So why would I have to be watching so intently for every opportunity to input a vital command? Because you can’t pause!! Well, okay, technically you can. But it will do you almost no good in formulating your strategy, because you can’t access any menus or look at any stats and the screen is completely fuzzed out. And when battle is un-paused, the bad guys keep hammering at you. So you have no time to sift through and carefully consider your command options. For better or worse, this means that the actual strategy in battles is very simple. It is only made challenging by the fact that you have to be on the ball and make your choices quickly.


I’m getting used to this aspect of the game and I’m enjoying combat quite a bit.

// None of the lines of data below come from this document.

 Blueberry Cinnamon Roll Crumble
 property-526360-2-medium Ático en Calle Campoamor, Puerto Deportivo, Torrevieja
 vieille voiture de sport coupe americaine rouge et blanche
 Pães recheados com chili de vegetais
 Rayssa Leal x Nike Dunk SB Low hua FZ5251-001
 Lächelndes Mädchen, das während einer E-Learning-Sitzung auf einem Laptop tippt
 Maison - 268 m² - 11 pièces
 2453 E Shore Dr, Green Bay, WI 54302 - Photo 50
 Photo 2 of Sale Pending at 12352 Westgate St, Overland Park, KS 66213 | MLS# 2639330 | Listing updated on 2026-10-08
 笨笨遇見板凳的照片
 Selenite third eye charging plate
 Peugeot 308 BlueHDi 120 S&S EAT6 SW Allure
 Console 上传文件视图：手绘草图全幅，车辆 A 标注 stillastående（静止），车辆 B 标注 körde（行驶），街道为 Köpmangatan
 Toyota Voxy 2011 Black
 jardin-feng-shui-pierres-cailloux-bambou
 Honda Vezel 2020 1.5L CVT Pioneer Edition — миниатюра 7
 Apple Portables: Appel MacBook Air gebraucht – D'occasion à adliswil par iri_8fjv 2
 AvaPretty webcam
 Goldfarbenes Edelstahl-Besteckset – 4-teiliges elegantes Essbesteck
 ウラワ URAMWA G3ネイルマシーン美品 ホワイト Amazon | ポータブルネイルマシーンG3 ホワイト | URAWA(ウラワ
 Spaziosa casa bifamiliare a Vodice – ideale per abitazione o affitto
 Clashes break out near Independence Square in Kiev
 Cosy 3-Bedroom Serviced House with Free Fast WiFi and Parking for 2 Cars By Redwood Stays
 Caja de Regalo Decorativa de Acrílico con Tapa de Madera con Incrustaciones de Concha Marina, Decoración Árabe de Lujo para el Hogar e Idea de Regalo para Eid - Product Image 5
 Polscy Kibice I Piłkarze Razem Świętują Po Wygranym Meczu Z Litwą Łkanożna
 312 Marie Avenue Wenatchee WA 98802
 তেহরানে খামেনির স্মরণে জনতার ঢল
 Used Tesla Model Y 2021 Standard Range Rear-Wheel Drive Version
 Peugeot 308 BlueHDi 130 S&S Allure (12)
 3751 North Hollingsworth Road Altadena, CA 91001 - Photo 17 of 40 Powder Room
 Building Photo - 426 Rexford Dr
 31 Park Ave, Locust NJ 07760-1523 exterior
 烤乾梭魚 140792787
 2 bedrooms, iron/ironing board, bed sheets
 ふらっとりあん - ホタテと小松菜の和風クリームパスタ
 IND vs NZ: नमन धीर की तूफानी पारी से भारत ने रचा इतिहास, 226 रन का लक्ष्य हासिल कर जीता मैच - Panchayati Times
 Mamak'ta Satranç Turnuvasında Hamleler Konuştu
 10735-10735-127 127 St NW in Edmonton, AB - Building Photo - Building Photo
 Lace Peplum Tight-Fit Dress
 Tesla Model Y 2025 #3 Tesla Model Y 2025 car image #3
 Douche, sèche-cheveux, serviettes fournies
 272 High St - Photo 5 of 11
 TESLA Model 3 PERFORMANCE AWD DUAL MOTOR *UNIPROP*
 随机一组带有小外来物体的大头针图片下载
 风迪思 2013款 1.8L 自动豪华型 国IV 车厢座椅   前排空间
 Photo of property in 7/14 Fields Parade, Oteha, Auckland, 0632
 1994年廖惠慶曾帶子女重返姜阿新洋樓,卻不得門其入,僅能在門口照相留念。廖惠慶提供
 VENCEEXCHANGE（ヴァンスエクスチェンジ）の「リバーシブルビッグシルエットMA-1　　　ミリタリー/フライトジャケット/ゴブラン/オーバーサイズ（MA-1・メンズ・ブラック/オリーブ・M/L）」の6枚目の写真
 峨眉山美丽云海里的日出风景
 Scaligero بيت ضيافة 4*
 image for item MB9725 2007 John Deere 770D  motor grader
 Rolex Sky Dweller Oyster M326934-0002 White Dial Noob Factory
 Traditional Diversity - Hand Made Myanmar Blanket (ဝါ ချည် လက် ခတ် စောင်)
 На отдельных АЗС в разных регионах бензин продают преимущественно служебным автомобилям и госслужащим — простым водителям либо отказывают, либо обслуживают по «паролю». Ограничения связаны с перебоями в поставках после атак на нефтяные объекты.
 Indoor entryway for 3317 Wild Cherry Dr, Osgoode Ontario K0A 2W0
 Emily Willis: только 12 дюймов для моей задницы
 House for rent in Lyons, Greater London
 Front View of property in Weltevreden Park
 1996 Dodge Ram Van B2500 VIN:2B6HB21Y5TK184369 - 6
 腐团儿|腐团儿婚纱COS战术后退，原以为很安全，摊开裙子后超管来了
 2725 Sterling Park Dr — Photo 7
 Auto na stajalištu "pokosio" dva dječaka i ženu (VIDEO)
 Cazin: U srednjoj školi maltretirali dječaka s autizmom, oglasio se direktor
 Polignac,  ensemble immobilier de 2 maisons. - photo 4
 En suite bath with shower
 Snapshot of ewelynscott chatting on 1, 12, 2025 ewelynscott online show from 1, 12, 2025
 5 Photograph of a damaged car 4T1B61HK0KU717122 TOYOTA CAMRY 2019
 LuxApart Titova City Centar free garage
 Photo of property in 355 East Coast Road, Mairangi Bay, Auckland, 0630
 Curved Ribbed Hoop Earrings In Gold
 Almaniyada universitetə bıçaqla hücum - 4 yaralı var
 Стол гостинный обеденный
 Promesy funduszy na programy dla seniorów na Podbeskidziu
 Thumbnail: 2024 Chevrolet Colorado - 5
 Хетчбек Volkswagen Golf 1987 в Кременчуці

But it’s still a real shame that I’m only able to enjoy the dazzling and beautiful battle animations out of my peripheral vision. And no, slowing down the combat gauge (as the game allows) did not solve this issue for me. I just ended up waiting and watching my characters wait in between times of staring feverishly at my health bars and missing most of the eye candy. Slowing the gauge also reduces the rewards you are able to get for battles, since the speed with which you finish a battle effects the rewards you obtain.


In terms of philosophical relevance, this game says something very interesting that reminds me of the uniqueness of Christianity. In the world of FF13, if a human servant fulfills the purpose given to them by one of the powerful types of beings you encounter in the game, that human is granted eternal life as a frozen crystal. The implication is that everyone else simply dies and ceases to be.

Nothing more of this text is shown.